Because the framework is an artifact inside a process your tools already trust, and its dangerous actions look ordinary. When a LangChain load() call deserializes an attacker's object in CVE-2026-44843, EDR sees a normal Python process. When MLflow serves a model and shells out in CVE-2026-0596, the network sees traffic to a service you deployed. When Gradio makes a caller-steered request in CVE-2026-28416, egress looks like the app doing its job. Network, EDR, and DLP see processes, ports, and connections, but not that the process is running a vulnerable framework version, or which agents route through it. That gap is an inventory of the AI artifact layer, which is what Anomity adds.

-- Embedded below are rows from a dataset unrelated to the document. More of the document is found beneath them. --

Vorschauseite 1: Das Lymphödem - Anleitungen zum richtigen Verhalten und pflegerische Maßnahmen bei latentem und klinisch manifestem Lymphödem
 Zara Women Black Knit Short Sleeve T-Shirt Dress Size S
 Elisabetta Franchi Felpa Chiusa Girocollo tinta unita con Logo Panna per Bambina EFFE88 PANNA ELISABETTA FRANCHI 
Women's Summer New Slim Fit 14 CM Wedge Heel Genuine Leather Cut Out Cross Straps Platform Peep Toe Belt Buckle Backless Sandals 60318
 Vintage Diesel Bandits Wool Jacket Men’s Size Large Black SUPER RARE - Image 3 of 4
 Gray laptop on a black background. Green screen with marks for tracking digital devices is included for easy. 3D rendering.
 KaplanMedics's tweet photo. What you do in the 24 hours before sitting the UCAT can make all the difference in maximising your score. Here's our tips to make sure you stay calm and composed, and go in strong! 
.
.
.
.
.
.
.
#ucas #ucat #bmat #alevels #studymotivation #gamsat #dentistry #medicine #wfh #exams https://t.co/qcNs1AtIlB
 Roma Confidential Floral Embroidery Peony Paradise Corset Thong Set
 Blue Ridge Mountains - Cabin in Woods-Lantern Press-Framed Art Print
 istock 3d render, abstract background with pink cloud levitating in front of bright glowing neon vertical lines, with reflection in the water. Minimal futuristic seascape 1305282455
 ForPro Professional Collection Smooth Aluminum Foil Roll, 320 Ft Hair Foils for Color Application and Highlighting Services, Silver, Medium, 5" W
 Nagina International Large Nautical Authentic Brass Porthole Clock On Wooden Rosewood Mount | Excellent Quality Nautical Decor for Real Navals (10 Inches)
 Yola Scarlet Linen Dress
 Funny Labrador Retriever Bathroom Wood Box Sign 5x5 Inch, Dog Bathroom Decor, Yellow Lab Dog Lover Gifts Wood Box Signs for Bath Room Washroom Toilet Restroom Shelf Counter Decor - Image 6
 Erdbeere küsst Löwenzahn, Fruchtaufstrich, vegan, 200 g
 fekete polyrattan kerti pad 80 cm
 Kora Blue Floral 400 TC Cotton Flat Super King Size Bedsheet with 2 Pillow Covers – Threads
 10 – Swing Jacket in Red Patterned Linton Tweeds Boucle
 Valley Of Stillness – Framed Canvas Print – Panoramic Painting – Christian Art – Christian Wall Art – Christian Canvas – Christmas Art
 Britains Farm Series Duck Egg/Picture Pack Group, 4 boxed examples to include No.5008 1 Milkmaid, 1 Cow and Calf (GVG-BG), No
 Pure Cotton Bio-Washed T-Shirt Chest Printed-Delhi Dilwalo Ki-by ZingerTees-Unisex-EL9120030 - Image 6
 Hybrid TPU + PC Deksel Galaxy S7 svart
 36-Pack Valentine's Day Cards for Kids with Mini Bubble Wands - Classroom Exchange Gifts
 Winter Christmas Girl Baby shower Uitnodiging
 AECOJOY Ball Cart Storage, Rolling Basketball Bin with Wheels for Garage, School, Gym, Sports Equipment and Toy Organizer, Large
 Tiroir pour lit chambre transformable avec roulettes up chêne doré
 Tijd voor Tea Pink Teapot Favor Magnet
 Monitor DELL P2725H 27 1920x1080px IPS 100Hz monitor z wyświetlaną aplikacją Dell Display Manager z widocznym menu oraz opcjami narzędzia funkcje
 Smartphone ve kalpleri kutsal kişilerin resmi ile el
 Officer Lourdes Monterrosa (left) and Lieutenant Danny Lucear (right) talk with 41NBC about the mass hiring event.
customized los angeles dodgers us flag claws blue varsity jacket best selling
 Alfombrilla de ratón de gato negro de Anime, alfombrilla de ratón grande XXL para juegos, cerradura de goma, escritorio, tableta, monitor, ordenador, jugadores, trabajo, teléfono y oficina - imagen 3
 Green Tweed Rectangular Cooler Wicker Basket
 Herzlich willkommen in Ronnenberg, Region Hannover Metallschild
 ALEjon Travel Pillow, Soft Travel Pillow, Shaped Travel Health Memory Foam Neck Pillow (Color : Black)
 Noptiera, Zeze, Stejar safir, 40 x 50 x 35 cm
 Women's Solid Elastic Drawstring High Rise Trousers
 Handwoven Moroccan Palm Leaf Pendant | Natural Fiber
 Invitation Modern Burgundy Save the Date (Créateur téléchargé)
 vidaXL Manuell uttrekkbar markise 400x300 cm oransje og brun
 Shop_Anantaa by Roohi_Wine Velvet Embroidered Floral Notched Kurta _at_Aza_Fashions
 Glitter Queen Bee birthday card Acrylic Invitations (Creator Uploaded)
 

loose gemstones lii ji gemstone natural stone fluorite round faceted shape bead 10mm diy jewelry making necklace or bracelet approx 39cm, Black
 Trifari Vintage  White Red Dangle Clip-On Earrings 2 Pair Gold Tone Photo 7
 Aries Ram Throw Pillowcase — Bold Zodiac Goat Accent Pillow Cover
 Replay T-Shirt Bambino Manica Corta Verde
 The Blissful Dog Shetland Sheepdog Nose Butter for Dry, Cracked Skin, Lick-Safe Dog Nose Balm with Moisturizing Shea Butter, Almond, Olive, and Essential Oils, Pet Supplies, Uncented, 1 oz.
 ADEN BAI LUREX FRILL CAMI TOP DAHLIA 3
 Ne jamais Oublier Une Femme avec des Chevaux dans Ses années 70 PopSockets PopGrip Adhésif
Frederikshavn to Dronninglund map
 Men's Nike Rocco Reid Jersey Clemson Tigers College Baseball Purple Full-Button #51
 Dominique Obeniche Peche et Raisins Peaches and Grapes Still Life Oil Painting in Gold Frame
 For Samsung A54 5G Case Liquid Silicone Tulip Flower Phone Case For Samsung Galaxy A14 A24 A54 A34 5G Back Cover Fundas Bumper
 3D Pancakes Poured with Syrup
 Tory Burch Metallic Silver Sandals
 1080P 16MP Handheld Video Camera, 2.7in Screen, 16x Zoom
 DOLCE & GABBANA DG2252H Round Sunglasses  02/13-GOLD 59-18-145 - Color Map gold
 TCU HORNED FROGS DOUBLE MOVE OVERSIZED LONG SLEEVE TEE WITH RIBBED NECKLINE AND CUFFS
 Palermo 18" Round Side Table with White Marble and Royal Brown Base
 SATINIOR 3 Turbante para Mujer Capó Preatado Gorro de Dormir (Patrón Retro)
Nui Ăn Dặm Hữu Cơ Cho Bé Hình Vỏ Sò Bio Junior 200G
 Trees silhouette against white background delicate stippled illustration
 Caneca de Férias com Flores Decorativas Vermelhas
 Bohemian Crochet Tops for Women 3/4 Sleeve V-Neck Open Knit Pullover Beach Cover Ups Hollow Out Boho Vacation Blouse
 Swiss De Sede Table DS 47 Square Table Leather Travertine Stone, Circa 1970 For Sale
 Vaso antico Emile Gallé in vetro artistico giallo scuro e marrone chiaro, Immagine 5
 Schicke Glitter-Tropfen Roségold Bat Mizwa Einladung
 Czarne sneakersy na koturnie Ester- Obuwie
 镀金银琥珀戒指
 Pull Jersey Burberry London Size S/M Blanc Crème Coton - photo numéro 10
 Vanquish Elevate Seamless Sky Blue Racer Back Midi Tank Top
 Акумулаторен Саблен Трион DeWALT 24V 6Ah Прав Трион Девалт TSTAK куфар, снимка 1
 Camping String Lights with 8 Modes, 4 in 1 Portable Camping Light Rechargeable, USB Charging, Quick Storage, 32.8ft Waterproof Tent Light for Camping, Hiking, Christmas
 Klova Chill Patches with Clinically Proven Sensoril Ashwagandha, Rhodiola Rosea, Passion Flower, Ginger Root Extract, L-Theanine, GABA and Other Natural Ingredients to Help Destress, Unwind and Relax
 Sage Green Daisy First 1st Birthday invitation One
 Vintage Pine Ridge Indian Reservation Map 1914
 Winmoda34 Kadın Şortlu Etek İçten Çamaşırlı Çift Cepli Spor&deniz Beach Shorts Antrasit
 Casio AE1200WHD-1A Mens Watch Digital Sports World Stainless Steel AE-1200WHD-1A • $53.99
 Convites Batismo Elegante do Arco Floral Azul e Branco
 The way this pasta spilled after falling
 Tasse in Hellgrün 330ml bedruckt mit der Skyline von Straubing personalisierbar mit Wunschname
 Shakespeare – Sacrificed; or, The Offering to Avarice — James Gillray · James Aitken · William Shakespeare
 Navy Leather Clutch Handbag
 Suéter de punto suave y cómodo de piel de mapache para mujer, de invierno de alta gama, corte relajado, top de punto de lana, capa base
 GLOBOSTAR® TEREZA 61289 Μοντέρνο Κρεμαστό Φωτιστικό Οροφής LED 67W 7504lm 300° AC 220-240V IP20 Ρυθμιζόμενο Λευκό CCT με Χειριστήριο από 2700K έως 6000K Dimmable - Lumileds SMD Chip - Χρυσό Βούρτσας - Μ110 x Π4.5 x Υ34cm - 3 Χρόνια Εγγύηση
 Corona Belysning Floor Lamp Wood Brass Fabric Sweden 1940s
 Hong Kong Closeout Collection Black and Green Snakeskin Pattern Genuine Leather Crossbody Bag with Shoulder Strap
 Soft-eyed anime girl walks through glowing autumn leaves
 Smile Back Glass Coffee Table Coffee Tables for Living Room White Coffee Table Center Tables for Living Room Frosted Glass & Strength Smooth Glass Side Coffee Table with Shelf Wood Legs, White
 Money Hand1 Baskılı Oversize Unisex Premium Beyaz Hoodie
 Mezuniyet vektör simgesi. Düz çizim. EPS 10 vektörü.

Is patching enough to secure AI agent frameworks?

Patching is necessary, but two gaps remain. First, coverage: frameworks are pip installed and spun up bottom-up without review, so you cannot patch what you never inventoried, and a data team's LlamaIndex build or a dev's Langflow flow may not be on any asset list. Second, timing: some flaws have no vendor fix at disclosure, and even a fixed release leaves a window where the old build is still running. The durable control is governing the framework call itself - allow, deny, or log at the agent hook before it runs - so an agent triggering an unsafe deserialization path, a code node, or an unapproved model-serving command is checked regardless of whether that framework is patched yet.

How is an AI agent framework different from an LLM gateway or an MCP server?

They are adjacent layers of the same agent. The framework is the orchestration layer - the chain-and-tool logic the agent is built on. An LLM gateway is the model-routing layer that framework calls out to for inference. An MCP server is the tool-and-data layer the framework invokes to act. An agent usually depends on all three, and all three arrive as AI artifacts on endpoints without review. The same allow/deny/log decision at the hook covers a framework's code node, a gateway's admin route, and an MCP server's tool call. For the model-routing half see the LLM gateway guide, and for the tool-and-data half see the MCP server guide; this guide covers the orchestration layer they sit around.

How do I find every AI agent framework running across my fleet?

You enumerate the AI artifact layer on every managed endpoint, not just the hosts you remember. That means scanning for the framework and its version - LangChain and langchain-core, LangGraph, LangSmith, LlamaIndex, Langflow, Flowise, Gradio, and MLflow - and the agents, CLIs, and MCP servers wired to each one. Network scans find what listens on a port today; they miss a library imported inside an app, a flow bound to localhost, or a framework baked into a container image. Anomity inventories AI agent frameworks among the eight AI artifact types it tracks per endpoint and records the installed version, so finding every install below a fixed release is a single query rather than a fleet sweep.

How does Anomity help secure AI agent frameworks specifically?

In three steps. Anomity inventories every AI agent framework on every managed endpoint as one of eight AI artifact types, capturing the exact version so you can find every install below a fixed release in one query, and the relationships to the agents and MCP servers around it. On agents that expose a hook, such as Claude Code PreToolUse, it evaluates each tool call against your policy and returns allow, deny, or log before the call runs, so a code node, an unsafe deserialization path, or a model-serving command is checked at the call boundary. Every install, version change, and decision lands in a queryable 90-day audit trail that routes to SIEM, Slack, email, or Jira. Anomity collects metadata only, redacts secrets on the endpoint, and is SOC 2 Type II.